■ DESCRIPTION OF THE TASK
Repeat, word for word and with nothing added, each line from the one containing "2018 Ford F-150 LARIAT 4WD photo" to the final line of the data, keeping both ends. Pictures are not part of the copy.

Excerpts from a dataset
....................

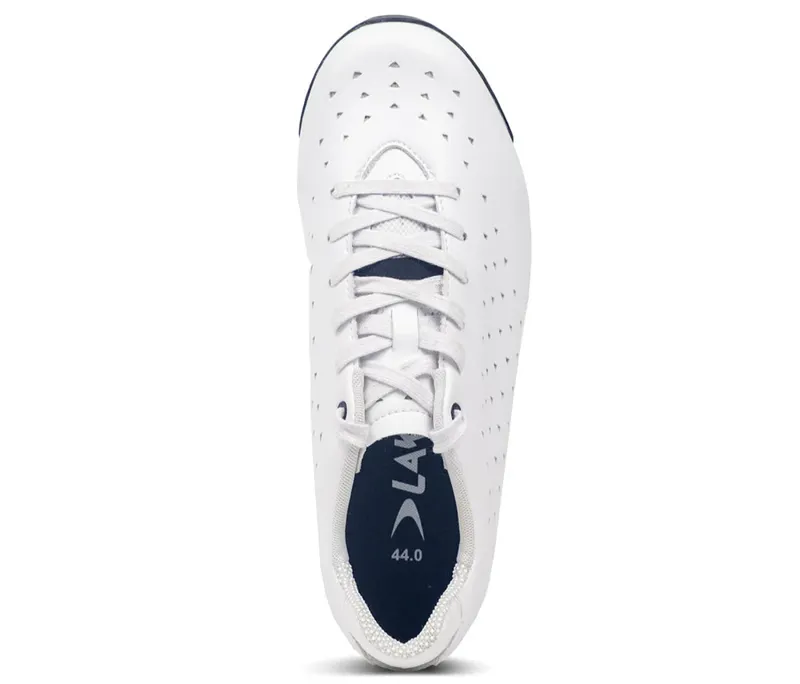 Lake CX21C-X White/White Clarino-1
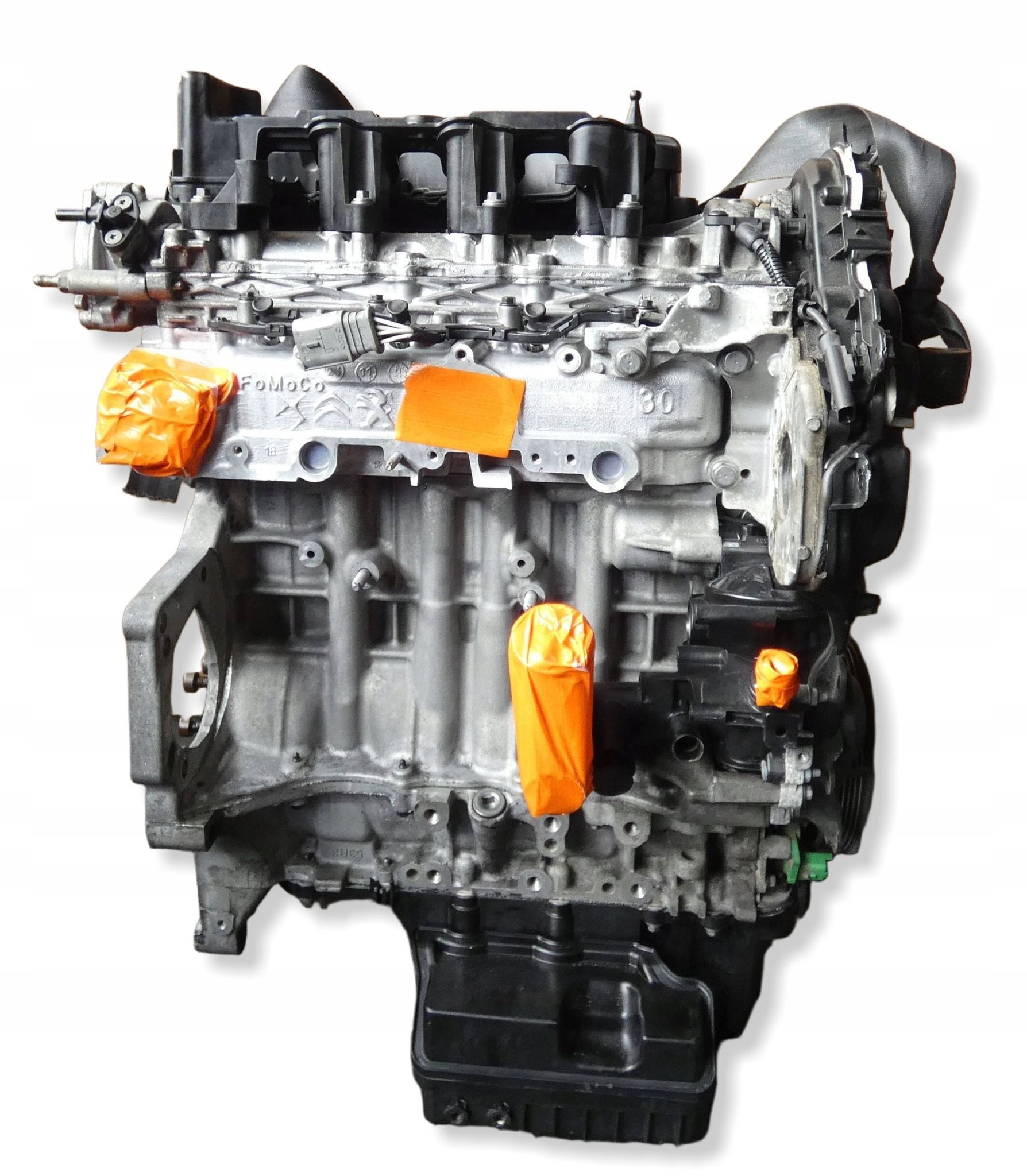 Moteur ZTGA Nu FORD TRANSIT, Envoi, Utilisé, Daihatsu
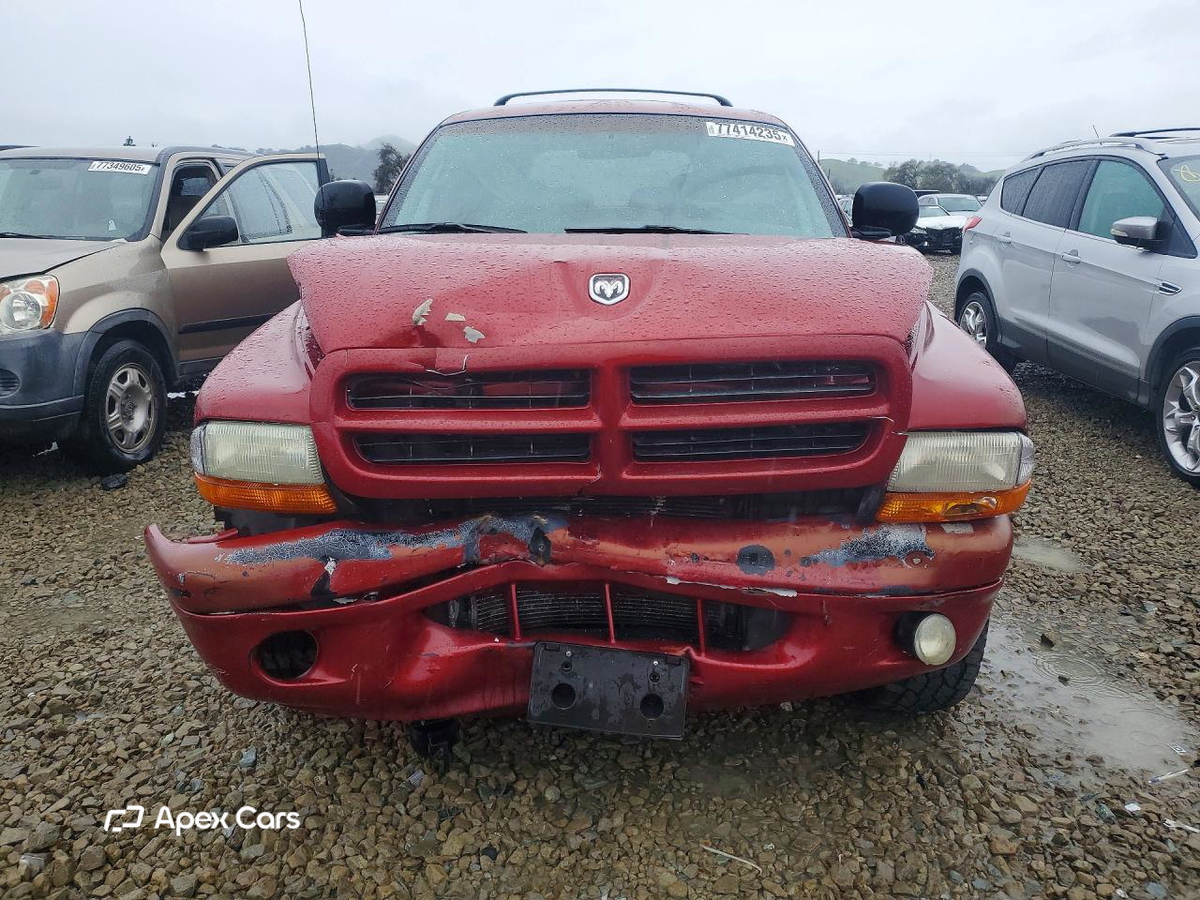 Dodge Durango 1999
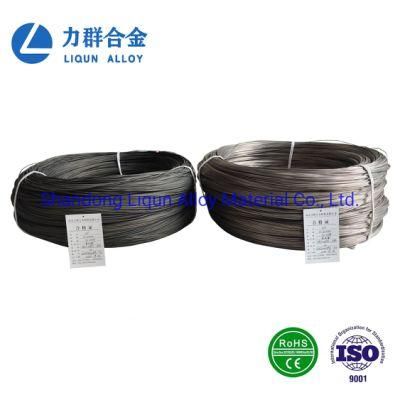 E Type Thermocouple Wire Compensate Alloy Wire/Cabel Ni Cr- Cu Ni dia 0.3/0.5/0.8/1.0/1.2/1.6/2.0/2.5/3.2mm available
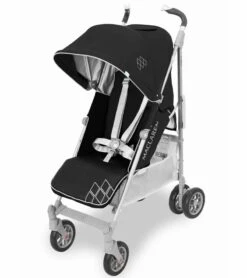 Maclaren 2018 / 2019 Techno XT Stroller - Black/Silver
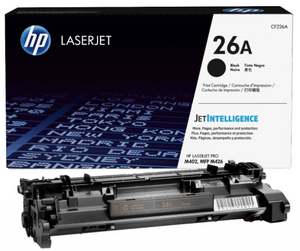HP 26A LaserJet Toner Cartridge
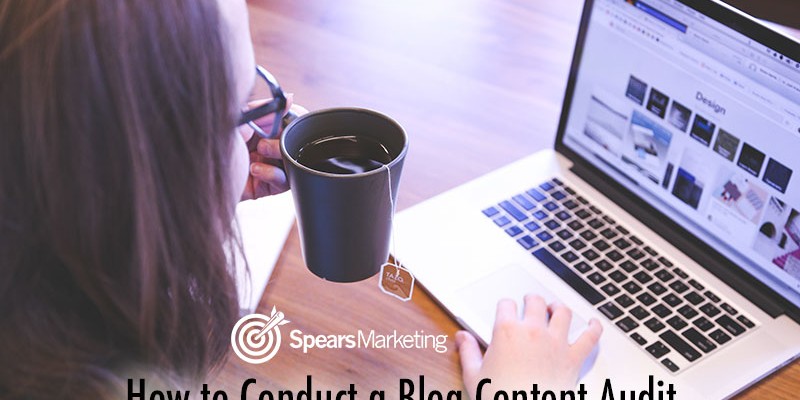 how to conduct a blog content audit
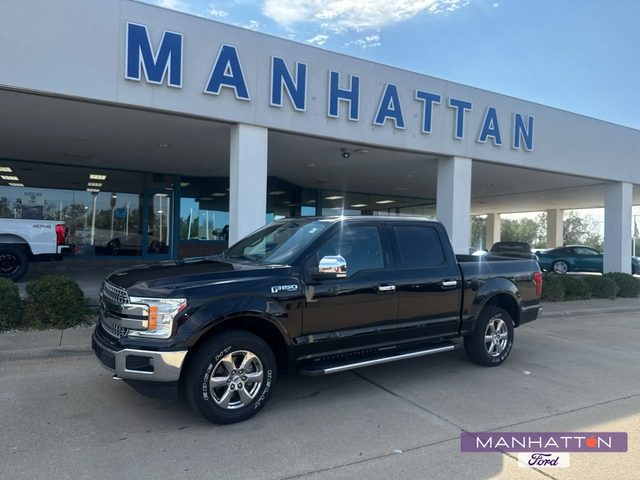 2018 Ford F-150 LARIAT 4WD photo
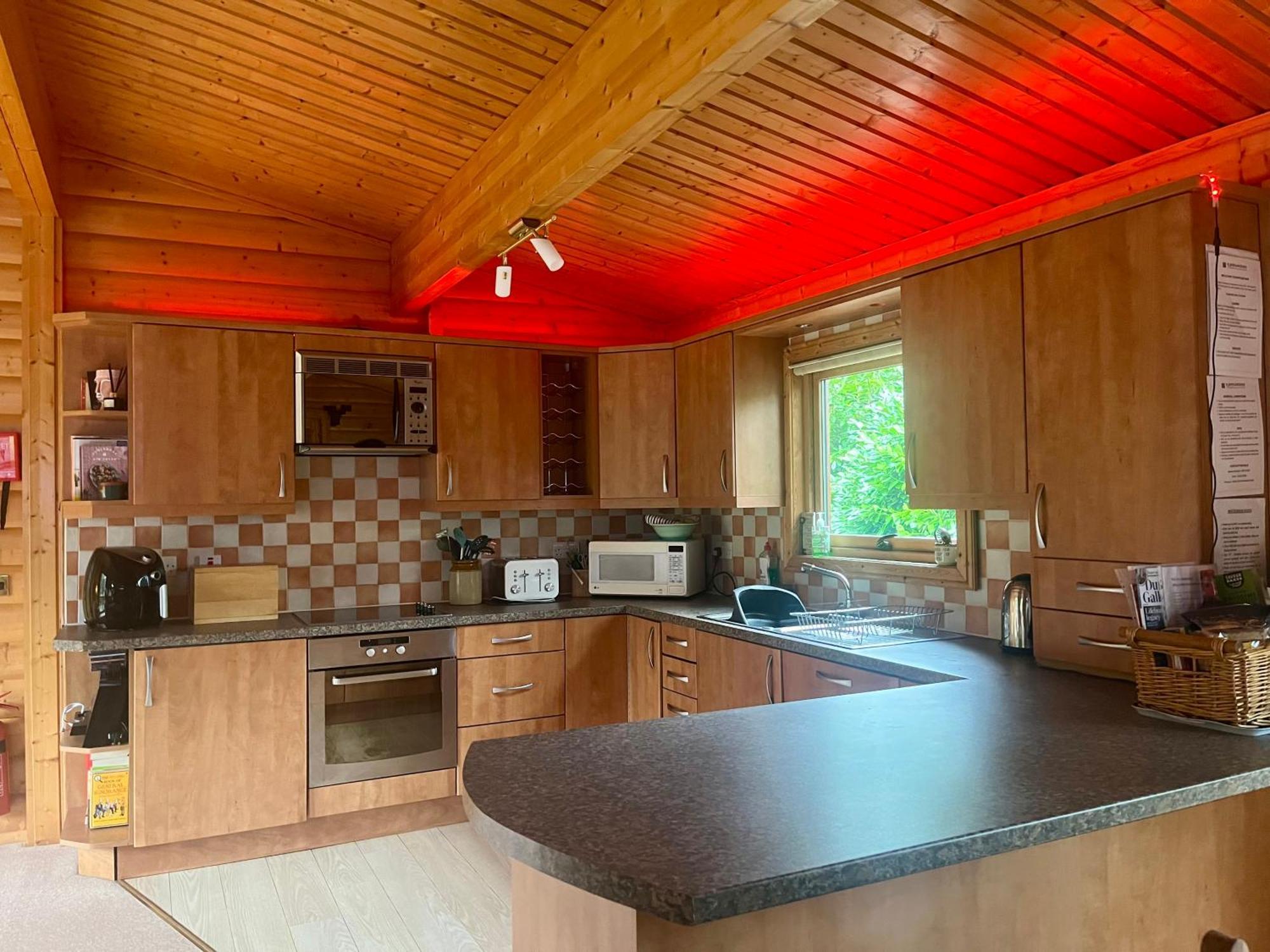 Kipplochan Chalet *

....................

■ RESPONSE AREA
 2018 Ford F-150 LARIAT 4WD photo
 Kipplochan Chalet *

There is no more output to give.